• Data segment:
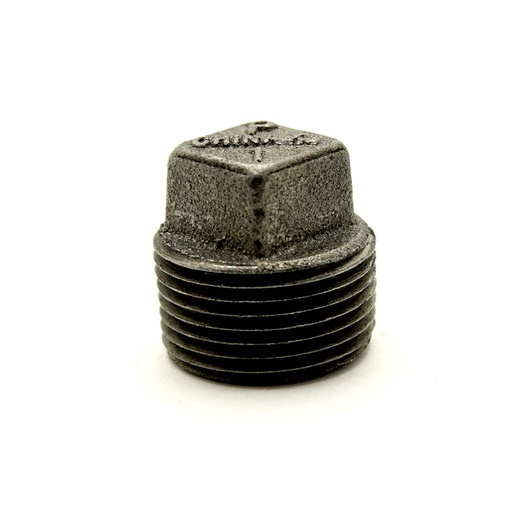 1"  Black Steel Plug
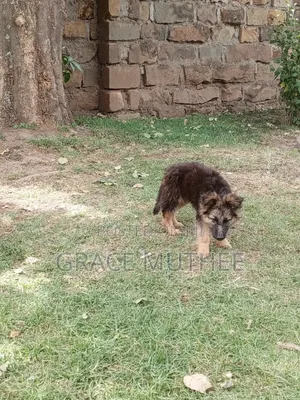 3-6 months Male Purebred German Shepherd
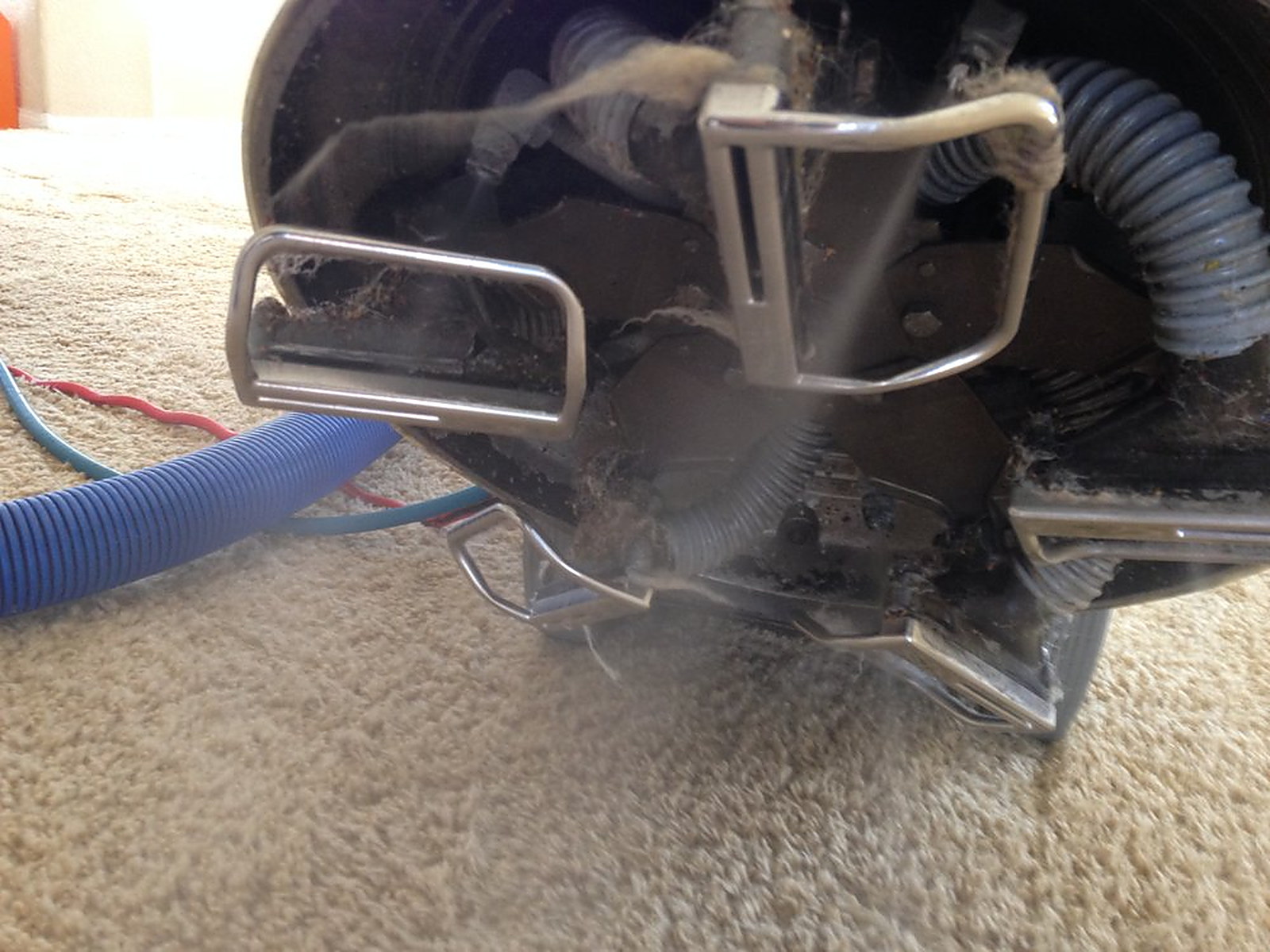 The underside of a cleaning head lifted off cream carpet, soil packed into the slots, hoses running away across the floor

• What to do: Leaving the pictures aside, transcribe the entire listing exactly.

• Result for this task:
 1"  Black Steel Plug
 3-6 months Male Purebred German Shepherd
 The underside of a cleaning head lifted off cream carpet, soil packed into the slots, hoses running away across the floor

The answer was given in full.